Published on 26 March 2021
To reduce the CO2 emissions, the increased use of electric vehicles (EV),  electric actuators and offshore wind turbines could be part of the solution. Permanent magnets (PM) are key components for high power density e-drives needed in increasing amounts in future. Over 90 % of EV-motors are permanent magnet motors, due to the high power density achievable in small volume. Furthermore, e-bikes, wind turbine generators and consumer electronics among others rely on permanent magnets. Neodymium Iron Boron (Nd-Fe-B) permanent magnets dominate the market as they exhibit the highest magnetic power density at room temperature. Nd-Fe-B permanent magnets contain approximately 30 wt-% of Nd, Pr and Dy (rarely Tb), classified as critical raw materials (CRM) by the EU. The supply of these rare earth elements is controlled almost exclusively by China. 

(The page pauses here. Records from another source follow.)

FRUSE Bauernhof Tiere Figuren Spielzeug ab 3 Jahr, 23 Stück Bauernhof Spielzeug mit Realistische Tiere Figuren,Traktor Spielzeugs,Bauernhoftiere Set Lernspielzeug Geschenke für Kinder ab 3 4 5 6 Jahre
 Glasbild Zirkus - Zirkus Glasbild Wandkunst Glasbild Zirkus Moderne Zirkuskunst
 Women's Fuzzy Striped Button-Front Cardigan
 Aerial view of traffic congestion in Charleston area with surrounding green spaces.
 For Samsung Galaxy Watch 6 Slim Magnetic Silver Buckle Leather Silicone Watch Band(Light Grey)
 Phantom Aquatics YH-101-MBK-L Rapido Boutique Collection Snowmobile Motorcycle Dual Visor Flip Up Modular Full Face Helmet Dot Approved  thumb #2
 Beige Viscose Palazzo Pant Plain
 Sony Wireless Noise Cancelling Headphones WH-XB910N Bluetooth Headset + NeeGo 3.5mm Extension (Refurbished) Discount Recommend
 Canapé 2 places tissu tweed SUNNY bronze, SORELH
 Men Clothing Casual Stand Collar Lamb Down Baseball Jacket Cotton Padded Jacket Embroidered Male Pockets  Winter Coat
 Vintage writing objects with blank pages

It is a known fact that the raw material prices for Nd and Dy are subject to high price volatility, as evidenced during the 2011 rare-earth crisis. Heavy reliance on CRMs is a severe cost, availability and sustainability issue for e-drives based on permanent magnet technology. Considering the average rare earth metal content in an EV motor is 1.3 kg, the raw material costs of the magnets reaches up to 50% of the total raw material costs of the motor. 

The Nd-Fe-B magnets for EV drives or other motor applications are typically produced in a powder-metallurgical sintering route, which is the most cost efficient one for high grade anisotropic magnets that can be operated up to 200°C without suffering demagnetization. The drawback of this process is the limitation of available shapes, minimum sizes and huge amounts of wastes produced by cutting and shaping. A second route is the hot deformation technique typically resulting in cylindershaped magnets. Both methods start with fine grained powders of a few microns grain size demanding a careful handling in controlled atmospheric conditions in avoidance of oxidation. 

Thus, a route offering near net-shape production of Nd-Fe-B magnets with the use of less dangerous powder fractions of around 30-40 microns mean grain size like the Laser Powder Bed Fusion (L-PBF) process offers many advantages to produce a new design of efficient permanent magnet containing electric drives, actuators or sensors. 3DREMAG targets the establishment of this specific processing by providing starting powders to allow additive manufacturing (AM) experts to work with permanent magnet powders and vice versa. Thus, the 3DREMAG consortium was gathered in such a way to cover the whole process chain from pre-alloy and raw powder production, to particle plasma spheroidization and L-PBF. This will allow to test the applicability and learn about the processing parameters, in order to finally commercialize a powder after the end of the project.